Vous me plongez, messieurs, dans le plus grand embarras où je pusse me trouver.
Mr Saurin et mr de la Harpe m'écrivent que vous m'avez vu en Sicile. Ils me disent même du bien d'Agatocle. Voilà mon secret connu, et tout ce que j'osais espérer de cet Agatocle renversé.

Vous n'ignorez plus le grand nombre d'ennemis implacables qui me persécutent, et qui me poursuivront jusqu'à la mort. Peut-être le succès d'un ouvrage honnête dans un âge si avancé, aurait pu, non pas désarmer des ennemis acharnés, mais émousser un peu la pointe du poignard qu'ils aiguisent depuis si longtemps contre moi. Je comptais ne me découvrir qu'après que j'aurais rendu à force de soins cet ouvrage un peu digne de votre approbation et de celle du public.
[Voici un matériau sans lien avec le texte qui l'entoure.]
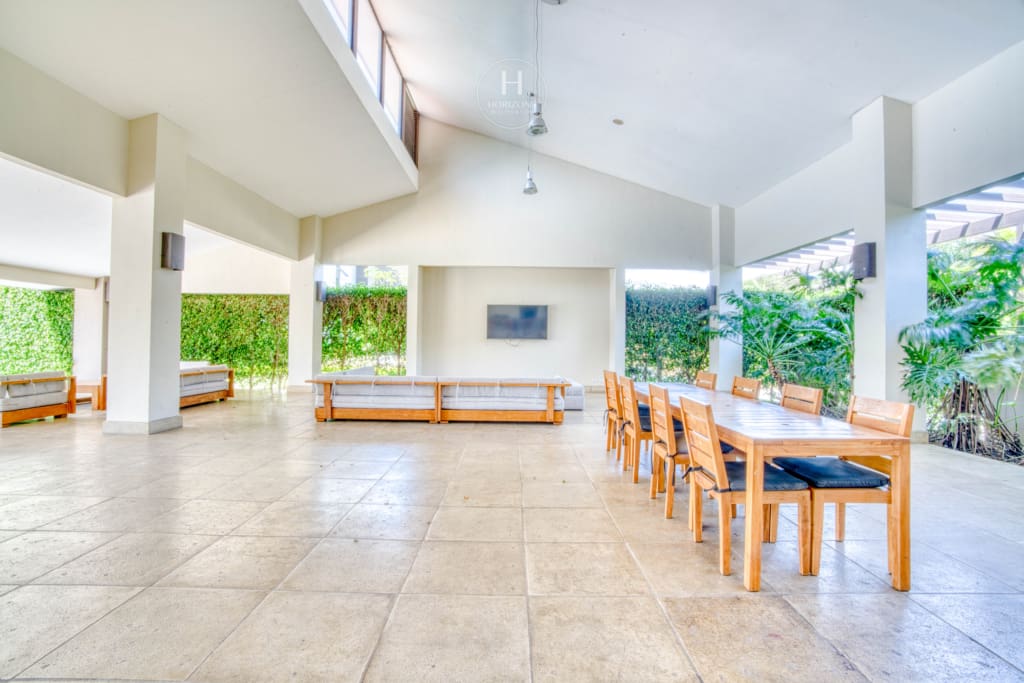 Prenventa de Apartamentos de Lujo Condominio Roble Sabana, Santa Ana nja1325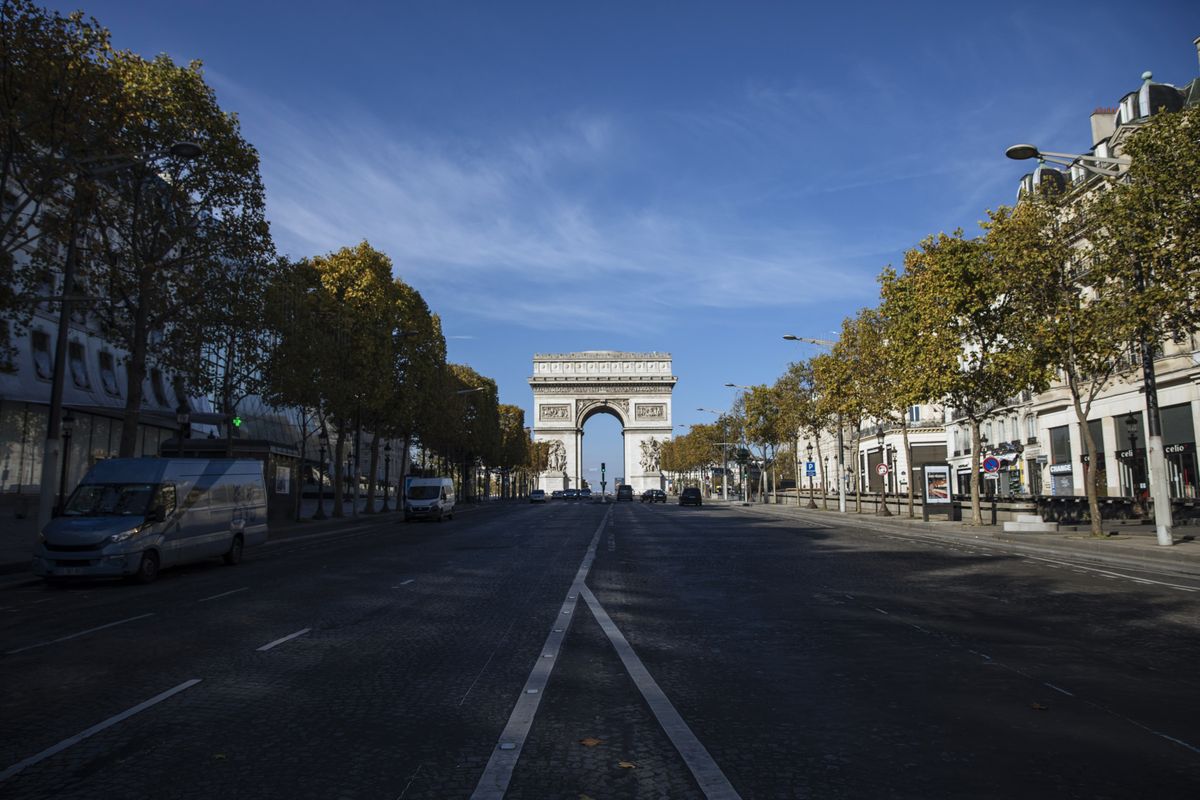 Почти пустые Елисейские поля в Париже 31 октября 2020 года.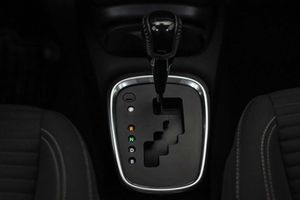 Toyota Yaris 1.5 100H Advance - Foto 42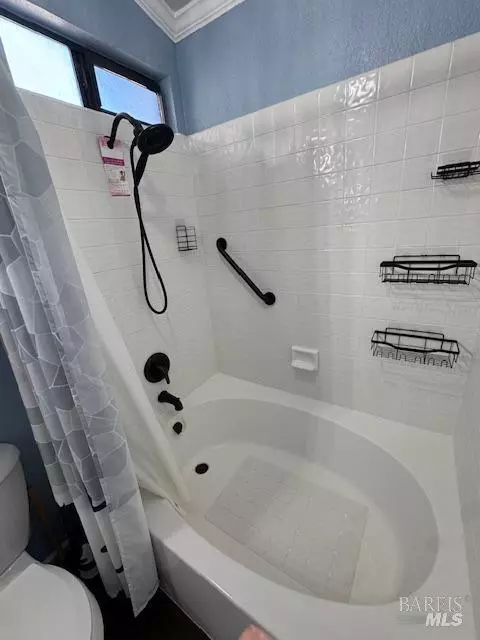 Bath - 530 Eldridge Ave, Vacaville, CA 95688 photo 2 of 5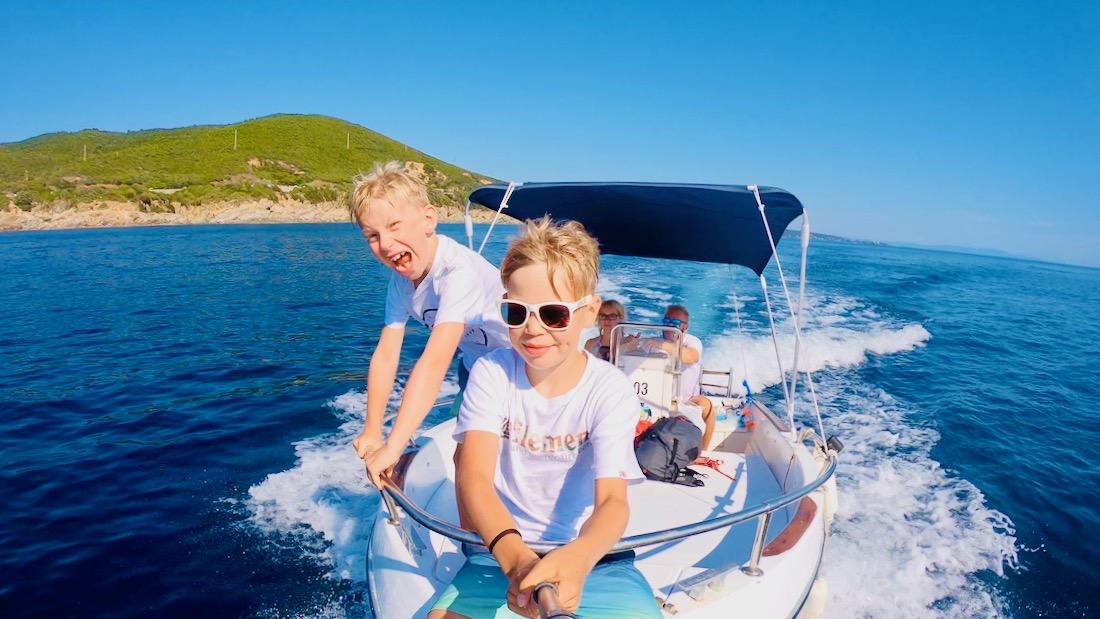 Boot fahren im Mittelmeer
Me voilà forcé par vous mêmes à m'exposer à toute la méchanceté de mes ennemis, à tout le ridicule d'un vieillard qui veut faire le jeune homme, et à tous les chagrins qui peuvent suivre un tel désagrément.

Je n'ai d'autre parti à prendre sur le bord du précipice où je suis, que de m'y jeter aveuglément en comptant que votre amitié me soutiendra, et m'empêchera d'aller au fond.

Je crois avoir fait le seul usage que je pouvais faire de vos remarques; et je sens même qu'il m'est impossible de prendre un autre tour. Je m'en rapporte à vous.

Je vous envoie donc mon Sicilien, et je vous demande en grâce au nom de votre ancienne amitié, d'inspirer à mr le duc d'Aumont autant de bienveillance pour moi que vous en avez.

Le temps n'est pas favorable, mais je suis forcé à combattre dans la saison qui se présente. Si mr le duc d'Aumont est content de l'ouvrage, et s'il vous promet de le protéger d'une manière efficace, je lui écrirai sans doute, et de la manière dont je dois lui écrire, mais je ne me hasarderai certainement pas à l'importuner pour un ouvrage qui ne lui plairait point.

Je vous avoue que je suis dans une crise violente. Vous m'y avez mis; c'est à vous de m'en tirer. Mon cher ange ne voudrait pas me faire mourir de chagrin.